The pair voiced their frustrations at the abundant use of plastic in Saigon. “We take our own lunchboxes when we get street food for them to put it in but when we walk away, we see they still put little plastic bags of sauce and plastic utensils in the box! Why do they think we bought the box?!” Ryan exclaims. Despite this, the two are motivated to get their products in the hands of millions of people in Vietnam. “Every single day, food stores will dump over 1,000 foam boxes into the landfill and all of that will be broken down into small pieces so that many marine animals will misunderstand what it is and eat it,” says Daisy. “In the future, we will provide food packaging products made from Bagasse, the dry pulp left when sugar cane juice is extracted, which is biodegradable and safer for the user’s health. We hope that we can supply for many restaurants and food stores in Saigon,” Ryan adds.

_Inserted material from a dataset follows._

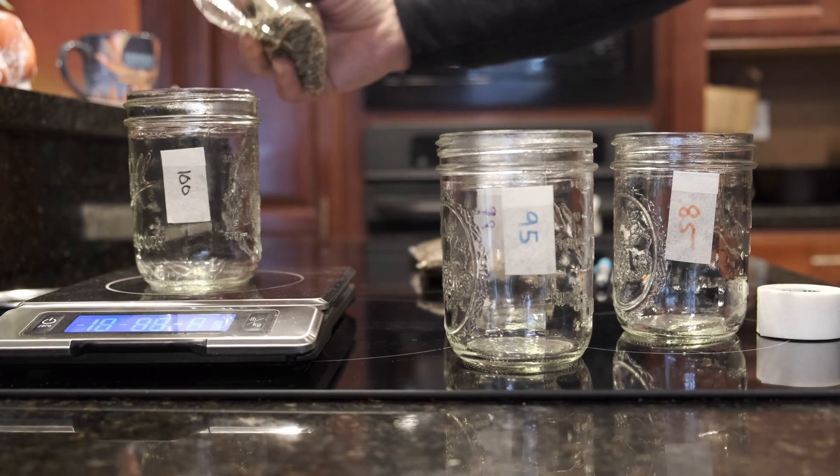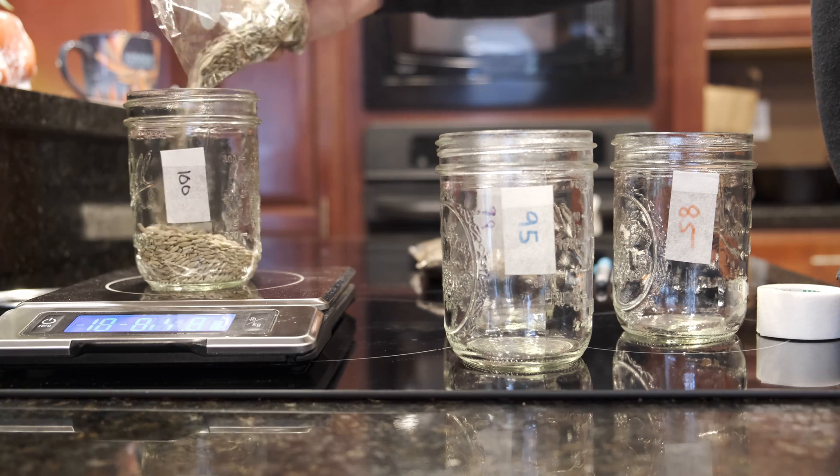After I pull the jars out of the pressure cooker, what I'm going to be looking for is whether the grain looks like it will be a suitable environment for mycelium — if it looks similar to what I know mycelium grows on, I'd consider that a solid first step of success. Anything that looks viable I'll inoculate with some liquid culture, and then compare results against the techniques I've already published on the channel.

The company sources all their materials locally and production is done in Vietnam. “We are Vietnamese and we want our products to be Vietnamese, to set a good example,” says Ryan. “Many bamboo products that are sold all over the world come from Vietnam’s bamboo trees in the north and we’re really happy that most of the older Vietnamese generation supported us from the early days. They said, ‘How wonderful it is that the bamboo straw is reusable and biodegradable as well as good for the environment and our health.’” The cotton used in their grocery bags, pouches, and cup holders is also sourced in Vietnam, which can be difficult because polyester is easier to find and cheaper.
Along with getting their products ready to export, the pair will target more businesses in Saigon. Ryan adds that large and high-end businesses are highly respected by locals and foreigners and he hopes that this will cause a ripple effect to show that everyone can do a little bit to help the environment.